I'd be tempted to go the route you say with 6% in your pension and the rest in stocks and shares isa. The salary sacrifice is a better money saver for the employer than the employee.

I take it you are debt free as in no loans/mortgages?


----------



## Clkrichard (Nov 17, 2011)

A number of issues here, starting with a detailing forum not being the ideal place for this sort of advice !
In no particular order :
Pension contributions attract tax relief at the highest rate you pay. For example if you are a 40% tax payer it will only cost you £60 to put £100 into your pension. £60 paid from your net pay into an ISA will still be £60. If you do a compound interest calculation on that from now until your planned retirement age the numbers might surprise you.
If your employer is willing to contribute 6% then thats free money and means £106 in your pension at no cost to you. If they operate salary sacrifice and rebate to you some or all of their National Insurance savings then the compounded numbers get even better. They won't pay into an ISA for you and even if they would you would pay tax and NI on that as its just extra pay.
ISAs are designed for shorter term tax efficient savings and pensions for longer term retirement income provision. The price you pay on pensions for the tax relief is the relative inflexibility when drawing benefits plus potential tax on the income. The real point of a pension plan is to capture the tax relief up front.
One other "benefit" is that you can't tap into the pension pot before 55 whereas you might be tempted to raid your ISA.
Charges are much debated. A basic "stakeholder" pension will have pretty low charges and will give to access to a similar fund range to ISAs and the tax relief and your employers contribution will more than deal with the costs.
Ideally you should consider both an ISA and a pension but then there is always that extra tub of Swissvax you know you need !
All that is far from exhaustive but it might help. Go find a good IFA !


----------



## mba (Jun 17, 2006)

Thanks for the ideas & opinions

Richard i think you under estimate the wide depth of knowledge on this forum. Before i go and see an IFA i like to read around the subject and do my own research and that includes asking others their thoughts. This in turns gives my the ammunition to quiz these IFA's, so i know if i have a "good" one or not.


----------



## Clkrichard (Nov 17, 2011)

Thanks mba no offense meant to anyone on here. I have no doubt there are lots of good IFAs on DW.
There are websites that will point you towards an IFA but that doesnt mean he/she is good though. 
Good luck in your quest.


----------



## mba (Jun 17, 2006)

No problem Richard

Will at present i am not debt free as i have a mortgage so over payments might be a better/other option


----------



## Clkrichard (Nov 17, 2011)

I cant argue with paying off debt from income provided you weigh up the current interest cost against potential growth on investing the money. That of course is pretty much impossible to do unless you have a very very good crystal ball !
The balanced approach is probably as you are already suspecting and put 6 plus 6 into the pension and save the rest into an ISA which you could use for debt reduction. Its really important to have a good "rainy day " fund for which an ISA is ideal.
Does your employer share with you the NI saving on the salary sacrifice ?


----------



## mba (Jun 17, 2006)

Clkrichard said:


> I cant argue with paying off debt from income provided you weigh up the current interest cost against potential growth on investing the money. That of course is pretty much impossible to do unless you have a very very good crystal ball !
> The balanced approach is probably as you are already suspecting and put 6 plus 6 into the pension and save the rest into an ISA which you could use for debt reduction. Its really important to have a good "rainy day " fund for which an ISA is ideal.
> *Does your employer share with you the NI saving on the salary sacrifice *?

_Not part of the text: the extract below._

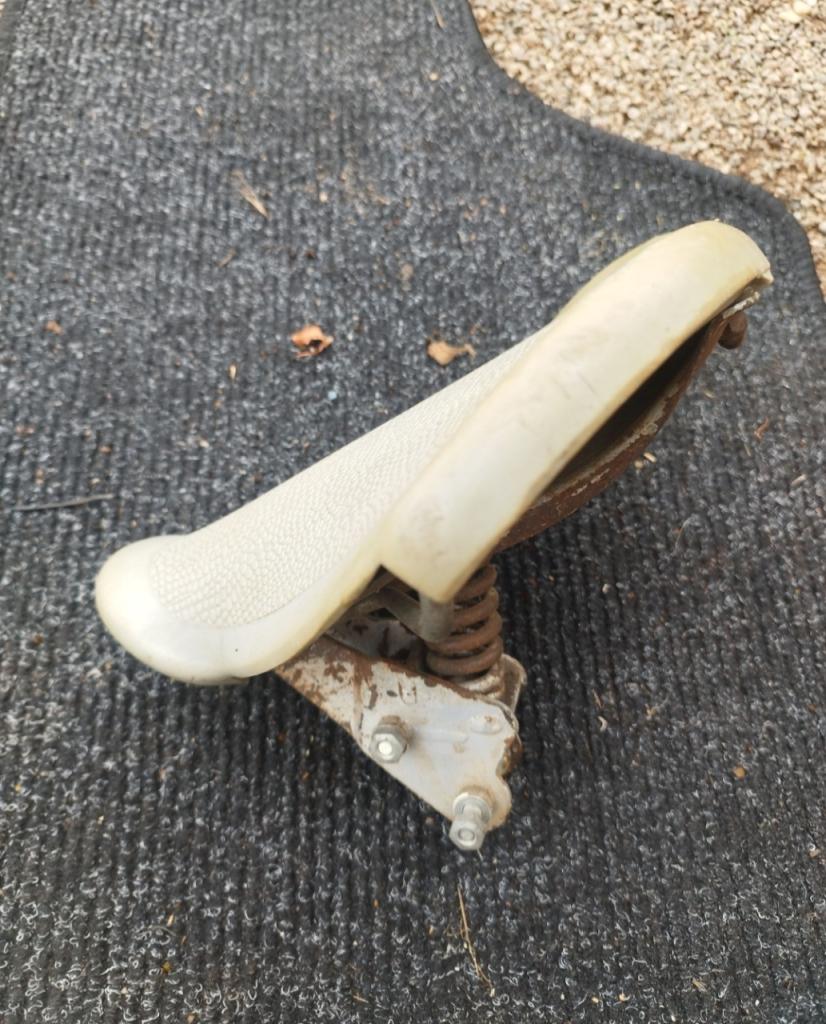 Selle monoplace pour PEUGEOT BB104 LesAnciennes.com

Yes we benefit from what they are calling "Pension Uplift" but i do not know if this is the whole saving that the employer gets as a result or is giving us or a %. Will certainly ask them


----------



## Will_G (Jan 23, 2012)

I'd be tempted to clear debt now rather than ISA it and pay off in future but as CLK says you should have a rainy day fund as you never know whats round the corner. I'm sure they recommend 6 months salary as a good rainy day fund just in case something drastic happens.

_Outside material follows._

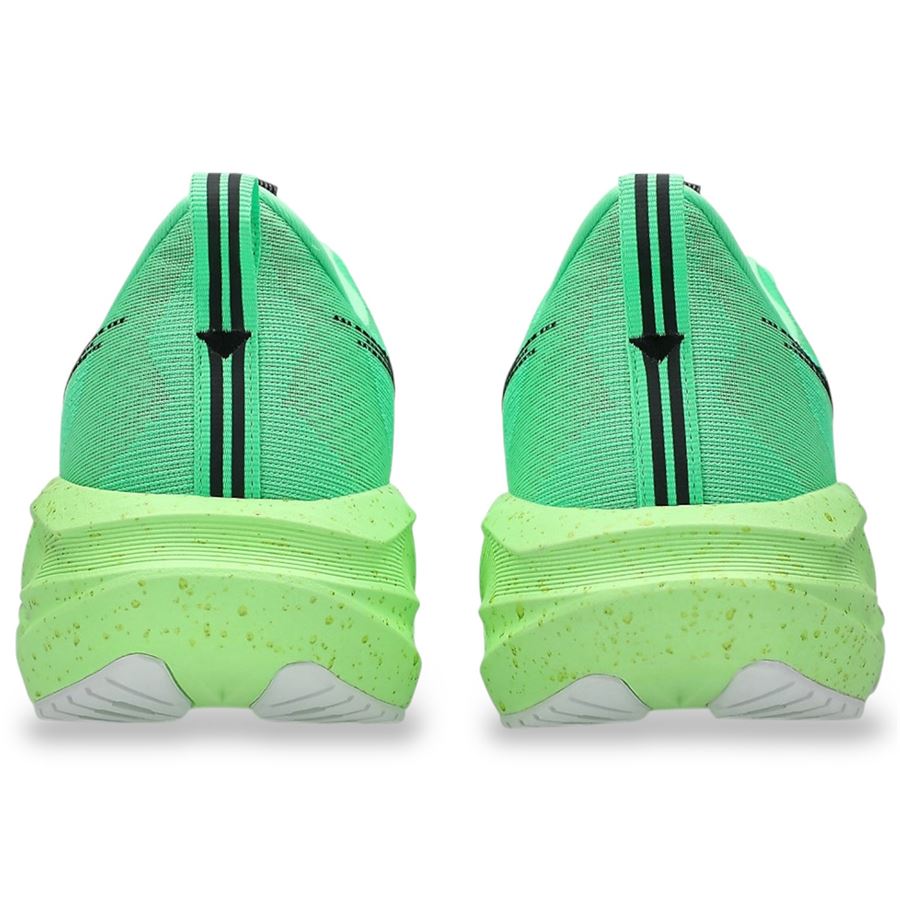 Novablast 5 scarpe running da uomo Asics | 1011C224300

To me any potential income/growth in investment from the ISA would be small unless you invest in a riskier profile which of course could then reduce your pot of money rather than increase it. Debt reduction (as long as you are not penalised) would certainly be the way to go for me


----------



## Gruffs (Dec 10, 2007)

Well, I can confirm a rainy day fund is handy. 

If it were me, I would either overpay or combine my savings and mortgage into an offset. Where can you get a guaranteed 4% minimum (depending on mortgage rate) and you're saving compound interest on the mortgage. Do a compound interest spreadsheet in your mortgage, it'll scare you. 

Pension laws change, they get ****ed by everyone, except the person that owns the money. 

I'm not a fan. They exist as a tax break and to earn others money at no risk to them.


----------



## Clkrichard (Nov 17, 2011)

Sound advice Will. One of the reasons why this is hard to deal with on here is not knowing all of the circumstances lf the OP. All the uual stuff needs to be explored including job security, fluctuation in income, health, goals and aspirations, future inheritance, attitude to risk and capacity for loss and a hundred and one other things.
In addition before looking at pensions and savings/investments a proper look needs to be taken at any protection (life assurance needs). No point in having an all singing and dancing pension savings programme if you die or become ill before the fund is big enough thus leaving dependants exposed.


----------



## Clkrichard (Nov 17, 2011)

Gruffs I totally agree the politicians should leave alone the rules governing private and company pensions. Since Pension Simplification in 2006 they have tinkered in every single subsequent Finance Act and often in a multiplude of ways that sometimes conflict with each other.
That simply leaves people thinking pension plans are bad news and for a grossly under pensioned nation that is a very bad thing.
Have a think about life in retirement on a State Pension and benefits alone especially when you arent busy at work and have time to spend the money you now dont have ! All one needs to do is look at whats available today and relate that to current lifestyle and living costs - many people wont even be able to afford a car to detail !


----------



## Gruffs (Dec 10, 2007)

No pension is only a problem if you don't have an alternative. But, no govt would allow pensioners to go completely unaided, I won't die at least.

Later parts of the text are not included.